▶ RECORDS TO USE
--*--

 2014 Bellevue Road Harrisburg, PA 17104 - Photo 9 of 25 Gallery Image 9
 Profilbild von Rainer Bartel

--*--

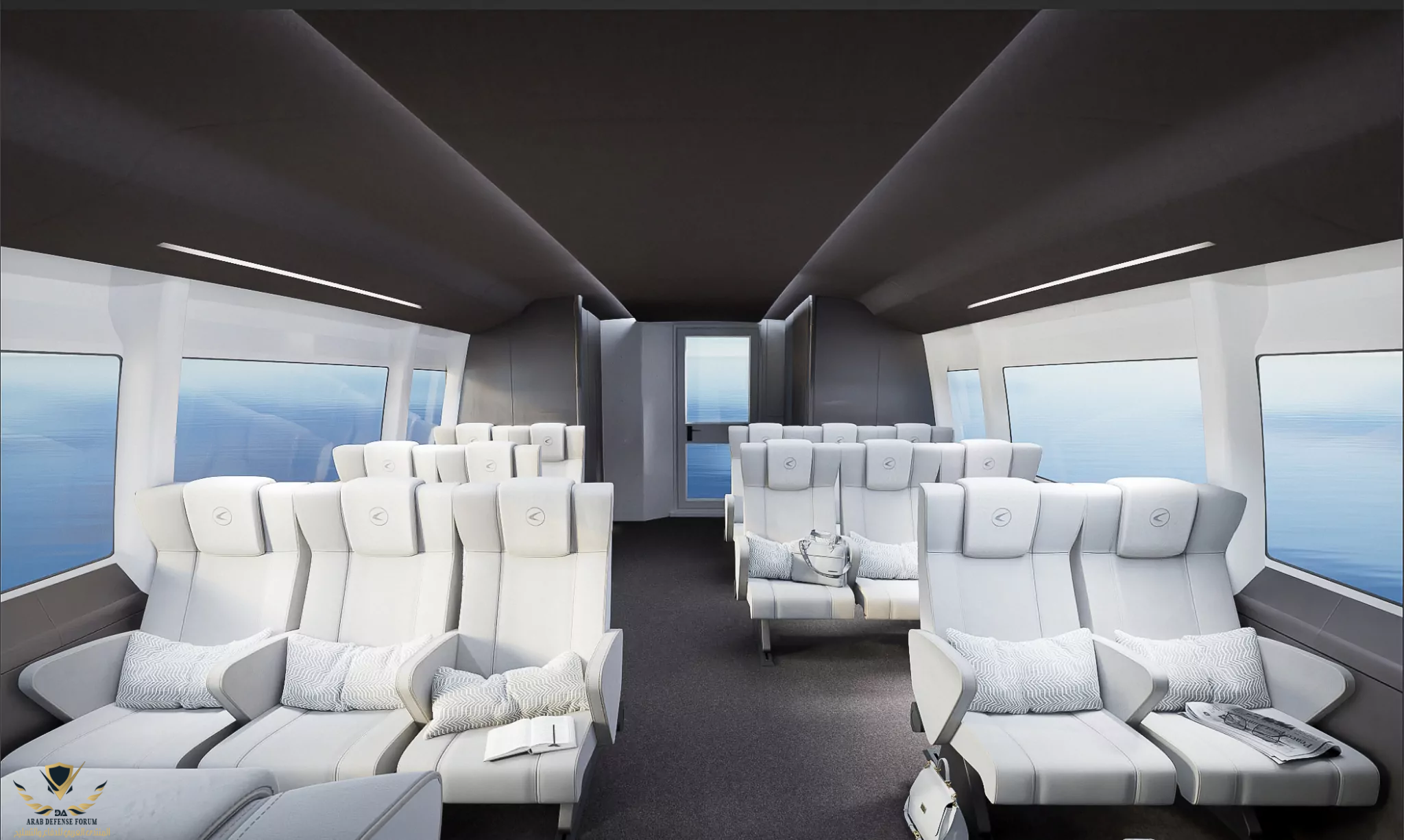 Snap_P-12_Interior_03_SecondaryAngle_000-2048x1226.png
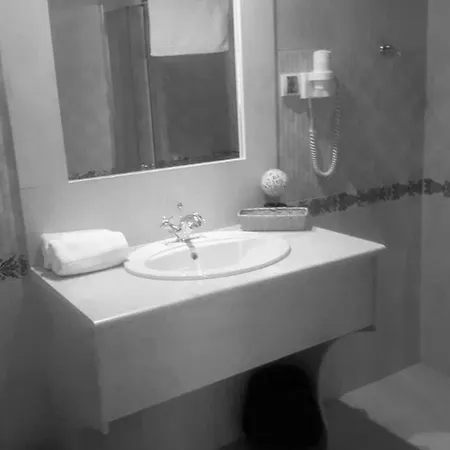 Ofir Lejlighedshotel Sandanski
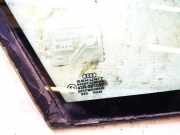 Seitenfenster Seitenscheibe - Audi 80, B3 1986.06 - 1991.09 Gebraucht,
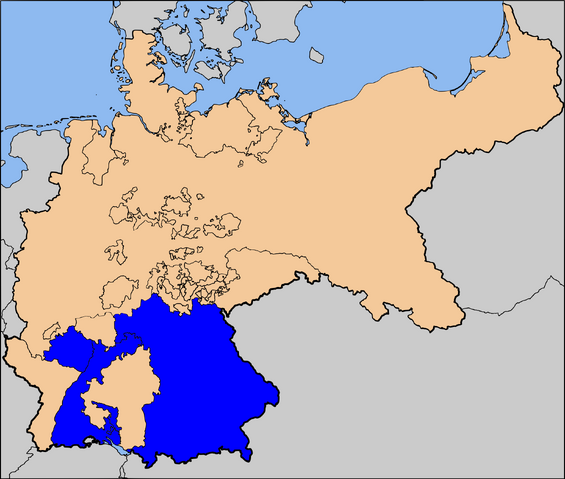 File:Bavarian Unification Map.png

--*--

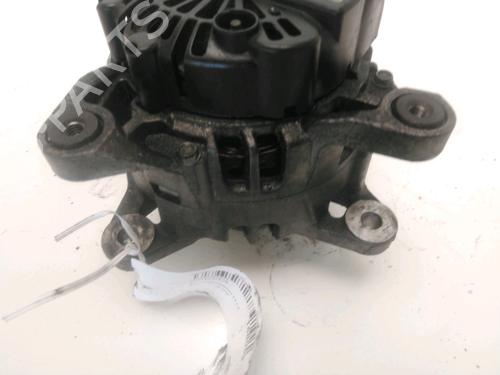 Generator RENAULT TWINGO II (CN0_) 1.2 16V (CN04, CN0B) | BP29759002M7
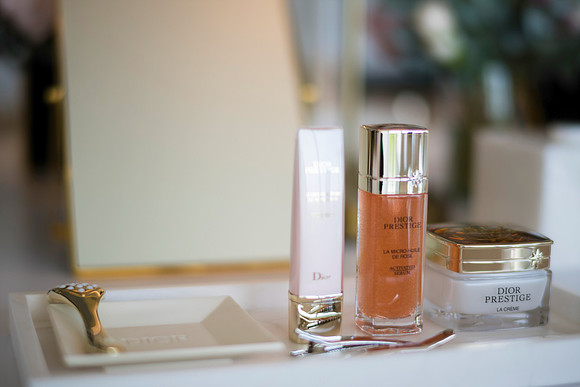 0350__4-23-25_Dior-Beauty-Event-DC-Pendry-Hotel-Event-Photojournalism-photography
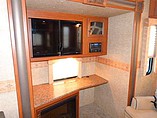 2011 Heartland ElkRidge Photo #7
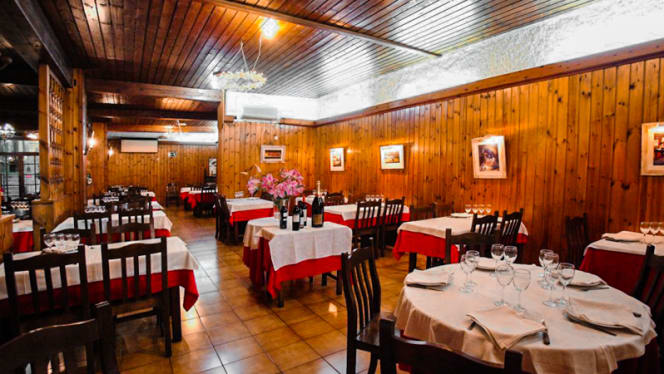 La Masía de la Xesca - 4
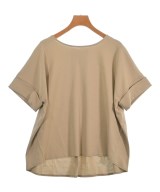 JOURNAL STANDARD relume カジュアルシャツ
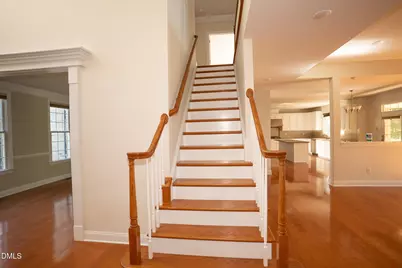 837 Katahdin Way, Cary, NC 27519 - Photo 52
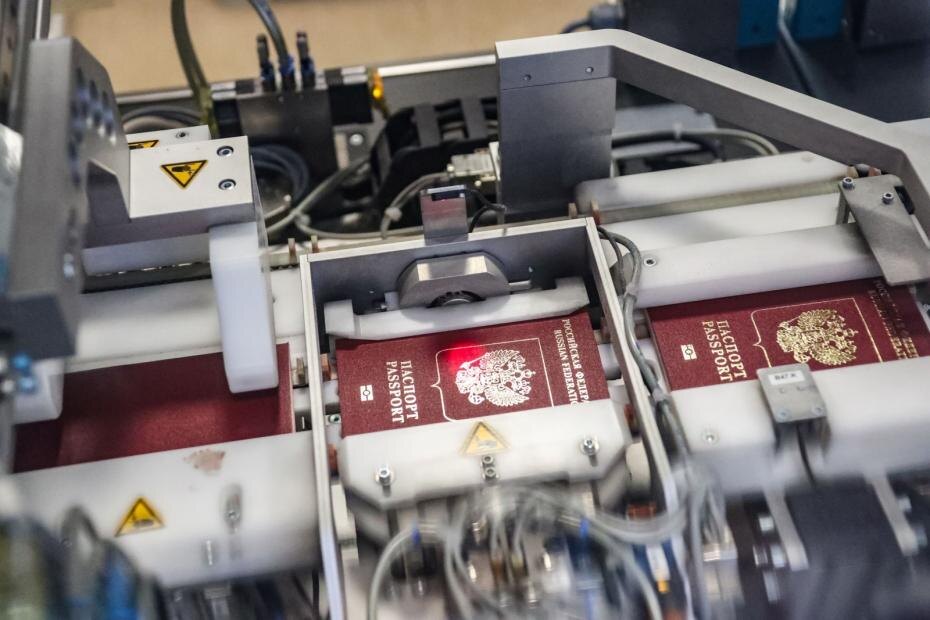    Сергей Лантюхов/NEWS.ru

--*--

▶ TASK DETAILS
What you write out is the stretch of entries from the line containing "Seitenfenster Seitenscheibe - Audi" to the line containing "File:Bavarian Unification Map.png", word for word, with both end lines and no pictures.

▶ EXERCISE OUTPUT
 Seitenfenster Seitenscheibe - Audi 80, B3 1986.06 - 1991.09 Gebraucht,
 File:Bavarian Unification Map.png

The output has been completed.